The Ibutatu Estate Isla Dzum
Nighttime on the 29th of Yaris, 2719
H
e wondered if he’d gone too far. In the asking, in the way he’d brushed the subject of Uzoji; even in the way he’d nestled his head in Aremu’s lap like he used to do, instinctive and achingly familiar. He felt something go through the imbala when he laid his head down, and it was a fair time before he felt those long fingers comb through his hair again.

When Aremu spoke again, he glanced up; he couldn’t stop himself. It was only a few words, but he felt the weight of them. He thought there was still some tension in him, even stroking his hair. He squeezed Aremu’s knee gently.

I often thought, he wanted to say, settling his cheek in the soft linen, shutting his eyes — I often thought how, if Ishma went before me, I’d learn to care for his garden, but it’d still be his. He thought again of the books, of Aremu’s looks of concentration. He understood, he thought, something of Aremu’s devotion in this.

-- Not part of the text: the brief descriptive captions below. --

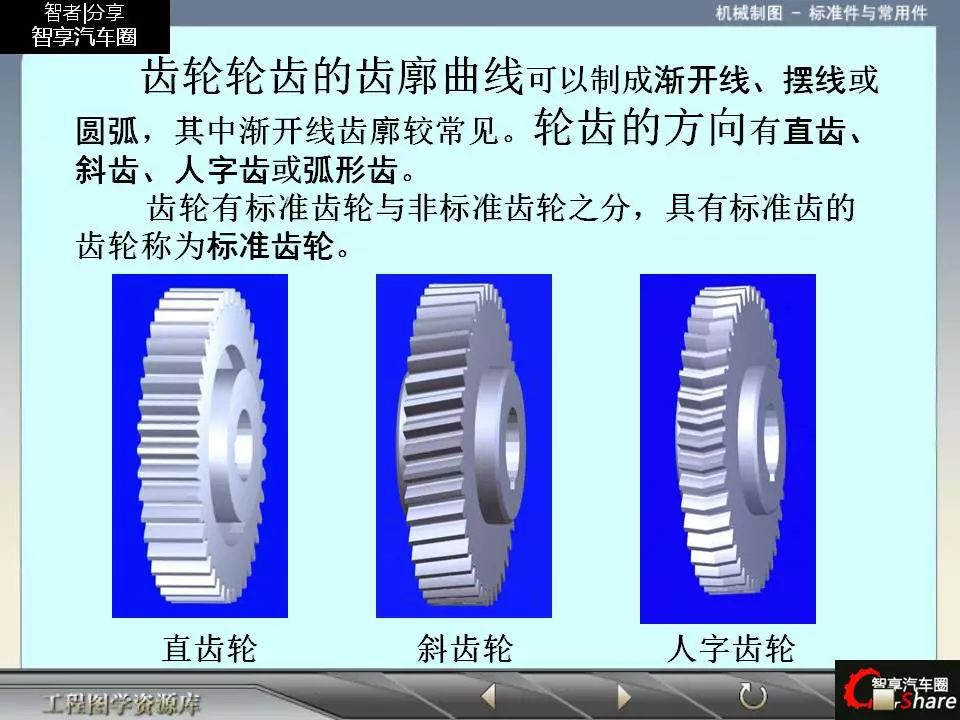 涨停雷达：人形机器人+低空经济+汽车零部件+资产重组 万向钱潮触及涨停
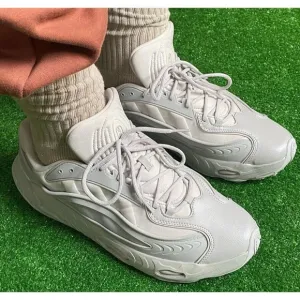 MEN'S Adidas Originals  Oznova Triple Gray GY1550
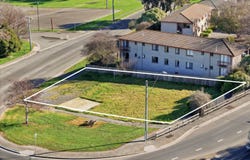 17 George Town Road, Newnham, Tas 7248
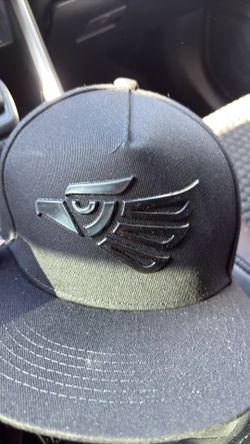 Mexico national fifa wold cup logo hat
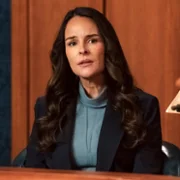 Matlock - galeria zdjęć - filmweb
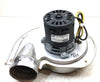FASCO 702110048 Draft Inducer Blower Motor 1110008 230V3060 RPM#ML888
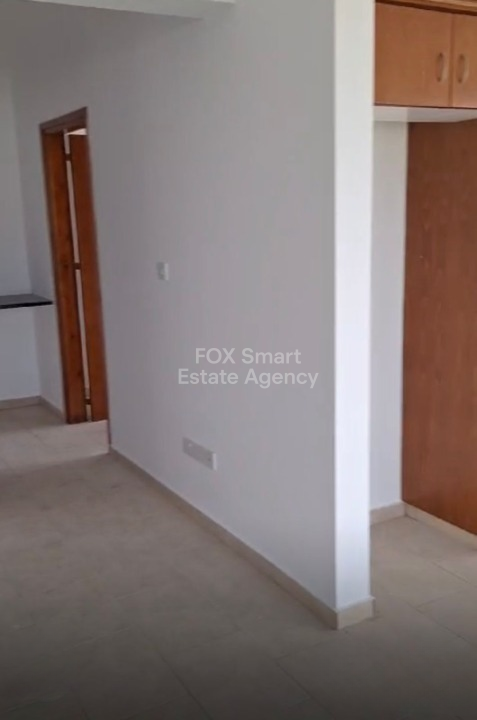 1 Bedroom Apartment, Communal Pool, Oroklini, Larnaca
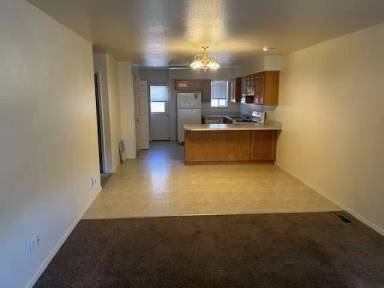 Main picture of 182 N Nevada St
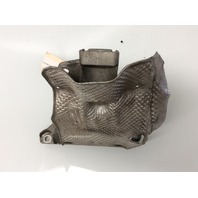 2004 2005 Volkswagen Passat 1.8L Right Engine Support Bracket 8D011999308AG OEM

Not so different from an engine, he said, and Tom smiled slightly. As pleasurable? He didn’t want to ask that; there was no point comparing.

They fell quiet again, and with his head in Aremu’s lap, the air full of the smell of flowers, he found himself lulled. He felt the way the last few days had worn him thin and ragged. His ankle ached where he’d pulled it up onto the bench, and as he stroked Aremu’s knee, the bandages underneath his arm pulled and itched and the wound underneath throbbed dully. But he felt himself drifting, and the motions of his hand grew slower.

Aremu’s question surprised him, but the way he phrased it didn’t. He glanced up briefly to see Aremu smiling in the corner of his eye; he shut his eyes and thought.

How were his days? He didn’t know what to say, at first. There were so many things he could say. His head whirled.

“Strange,” he sighed, forcing himself to open his eyes, to bring himself back to the chill night air against his cheeks. The even rhythm of Aremu’s breath wasn’t helping; neither were his fingers in his hair.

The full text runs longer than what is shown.